Learn to back off, keep your mouth shut and walk away when you want to speak out, no matter what the provocation. No one ever got themselves into trouble by just not saying anything.
Take care of you. Exercise, sleep, laugh & focus on all the other parts of your life that are not in turmoil.
Be strong, confident and learn to speak softly.
Know that if you can do this 180, your smallest CONSISTENT action will be noticed far more than any words you can say or write.
Do not be openly desperate or needy even when you are hurting more than ever and are feeling totally desperate and needy.
Do not focus on yourself when communicating with your spouse. It's not always about you! More to the point, at present they just don't care!
Do not believe any of what you hear them say and less than 50% of what you see. Your spouse will speak in absolute negatives and do so in the most strident tones imaginable. Try to remember that they are also hurting and afraid. Try to remember that they know what they are doing is wrong and so they will say anything they can to justify their behavior.
Do not give up no matter how dark it is or how bad you feel. It "ain't over till it's over!"
Do not backslide from your hard earned changes. Remain consistent! It is the consistency of action and attitude that delivers the message.
When expressing your dissatisfaction with the actions of the wayward party, never be judgmental, critical or express moral outrage. Always explain that your dissatisfaction is due to the pain that the acts being committed are causing you as a person. This is the kind of behavior that will cause you to be a much more attractive and mysterious individual. Further it SHOWS that you are NOT afraid to move on with your life. Still more important, it will burst their positive little bubble; the one in which they believe that they can always come back to you in case things don't work out with the OM/OW." (Poodlepapa)

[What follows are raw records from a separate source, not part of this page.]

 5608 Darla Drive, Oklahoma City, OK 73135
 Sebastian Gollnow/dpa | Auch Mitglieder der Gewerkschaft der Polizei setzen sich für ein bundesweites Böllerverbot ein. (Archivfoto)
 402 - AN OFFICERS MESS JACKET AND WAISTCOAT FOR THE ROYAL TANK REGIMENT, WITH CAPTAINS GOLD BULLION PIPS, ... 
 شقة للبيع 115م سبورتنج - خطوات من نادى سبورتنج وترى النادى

All of this might not get your wife back to the point you want, let alone your marriage, but you'll be better for it at least.


----------



## jd08 (Nov 20, 2012)

Stop confronting and start gathering evidence. Then confront when you have something solid to go on. Premature confrontation is just going to force her to go underground. If she was going go stop she would have done so after you confronted the first time. I hate to say it, but as the other poster said it seems like your wife is in the middle of an emotional and/or physical affair.
_Posted via Mobile Device_


----------



## anchorwatch (Mar 5, 2012)

Coach, Do you know who the OM is?


----------



## Aunt Ava (Jan 24, 2013)

Why would you trust her? She has proven to be untrustworthy, now she has to earn it -- hhmm, can't do that while she's still lying to you. 

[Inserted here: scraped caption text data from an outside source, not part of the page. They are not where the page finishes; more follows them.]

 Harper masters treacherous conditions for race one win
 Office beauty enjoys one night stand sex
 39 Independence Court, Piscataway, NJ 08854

There shouldn't be privacy in a marriage, big red flag if she's accusing you of snooping. Those with nothing to hide, hide nothing.


----------



## Emerald (Aug 2, 2012)

Hi Coach -

I'm sorry about this. You will get good advice.

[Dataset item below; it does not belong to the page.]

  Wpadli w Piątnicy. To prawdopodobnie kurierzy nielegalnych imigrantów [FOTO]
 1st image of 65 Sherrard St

I want to add: Do not leave the marital home if things get bad. I see BS's making this mistake.


----------



## Shaggy (Jul 17, 2011)

So now you know three things:
1. Your wife is having an affair
2. You can trust her to end it.
3. She will look you in the eye and lie to you

Stop talking to her about it. It's a waste of time. What you need to do cause grief for the OM and the affair so he dumps her

Find the OM. Find out his name, if he has a gf or wife
Find out how he knows your wife. Old bf? Coworker?
Find out if its a emotional or physical affair. I'm fearing is a PA.

Exposé the affair and the OM. If he's got a wife or gf, the first person you talk to his her.

Put a voice activates recorder in her car, You can get a VAR at bestbuy or Walmart, secure it under the car seat with Velcro.


----------



## walkonmars (Aug 21, 2012)

Good advice above - all of it. It's a pity you can trust the internet strangers above much more than your own wife.


----------



## Jasel (Jan 8, 2013)

My god I was on ambien when I wrote all of that. Don't even remember your story or typing any of it

Well, stand by what I said excluding a few grammatical errors. Hope it helps.


----------



## Toffer (Jan 31, 2012)

Yeh it's an affair

Do as all above have outlined and good luck


----------



## Cubby (Mar 28, 2012)

Jasel said:


> My god I was on ambien when I wrote all of that. Don't even remember your story or typing any of it
> 
> Well, stand by what I said excluding a few grammatical errors. Hope it helps.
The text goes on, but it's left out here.